Subjectivity (and its Discontents)

Dr. Peter Lang

“Bring something incomprehensible into the world!” – Gilles Deleuze and Felix Guattari, Capitalism and Schizophrenia.

In his 1641 treatise Meditations on First Philosophy, philosopher René Descartes made the declaration: “I think therefore I am,” securing a notion of subjectivity exclusive to the human mind…and we’ve been dealing with it ever since.  This course will survey a number of diverse theoretical and philosophical texts, all of which attempt to work through or expressly challenge a singular human subject they had little choice but to inherit.
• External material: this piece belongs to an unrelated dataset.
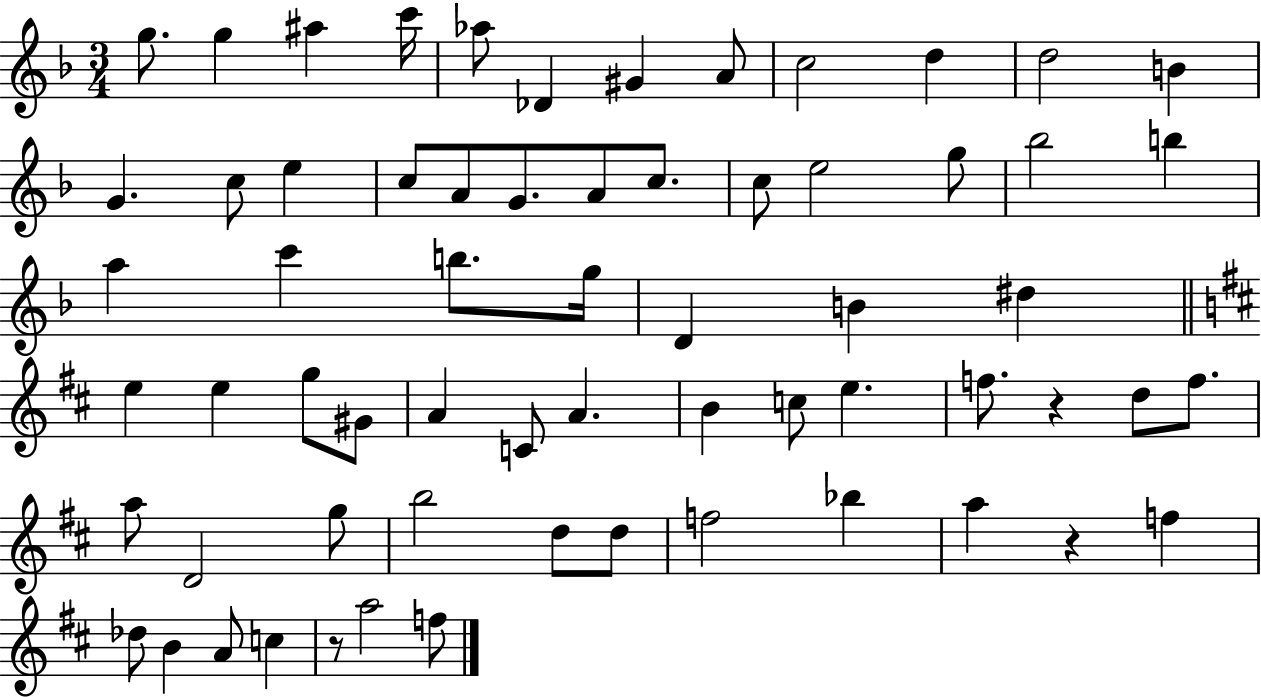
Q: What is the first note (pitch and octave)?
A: G5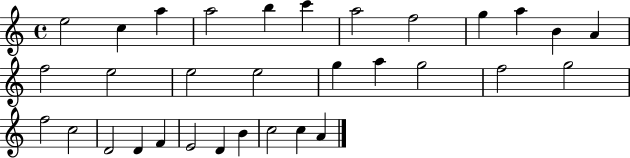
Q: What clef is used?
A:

Reading Kant, Heidegger, Deleuze and Guattari, Lacan, Foucault, Harraway, Puar, and others, we will examine how notions of subjectivity have gone beyond simply accepting a humanist, rational subject and raise questions of non-human agency, what social and political structures guide (or coerce) subjective formation, how language mediates our experience of the world, and the role of the body (rather than the mind) as central to our being in the world.

ENGL 4370/5370: Gender and Sexuality

Creating Dangerously: Voices for Change

Dr. Mary Ruth Stewart

“Creating Dangerously: Voices for Change”

What does it mean to study texts that are considered provocative and incendiary? In our current political and cultural climate there is a lot at stake and a lot to be done. How can we, as teachers and students, use knowledge to empower ourselves? The texts that we’ll cover this semester question, ignite discussion, and have spurred and will continue to spur controversy. What they have in common is that they are all rooted in a desire to create dangerously, to right wrongs of the past in the hope that the future might look distinctly different.

ENGL 4380/5380: African and African-American Literature

Keeping Secrets in Early African American Literature

Dr. Lori Leavell

Given the racial realities of antebellum America, perhaps it’s no wonder that the concept of secrecy is a recurring theme in African American literature of this period. It goes without saying that for enslaved persons who attempted escape, and for those involved in plotting rebellions, secrecy would prove essential. But everyday matters seem to have called for discretion too—whether one was enslaved, free, or legally considered a fugitive. And in a society where racial identity overtly determined one’s opportunities, hiding the circumstances of one’s birth and ancestry could take top priority for some, an endeavor that required ongoing diligence. The literature we’ll read by William Wells Brown, Frank Webb, Hannah Crafts, William and Ellen Craft, David Walker, and others depicts these kinds of situations. As with any secret, there is risk of detection. Indeed, we will encounter scenarios in which carefully guarded information is leaked or used against someone. But secrecy operates on a level beyond plot: some of these writers thought of themselves as exposing what is presumably hidden or denied, which is to say that they sought to illuminate the nation’s racial realities via the written word.

ENGL 6306: Seminar in British and Anglophone, 1900-present

Modern and Contemporary British Poetry

Dr. James Fowler

 This seminar offers an advanced survey of British poets from Gerard Manley Hopkins, the late-Victorian precursor of modern experimentation, to recent authors such as Tony Harrison, Seamus Heaney, and Eavan Boland.  By semester’s end, students should be reasonably familiar with the work of the twenty-plus poets to be read. More generally, they will be able to trace the development of British poetic modernism on a roughly decade-by-decade basis.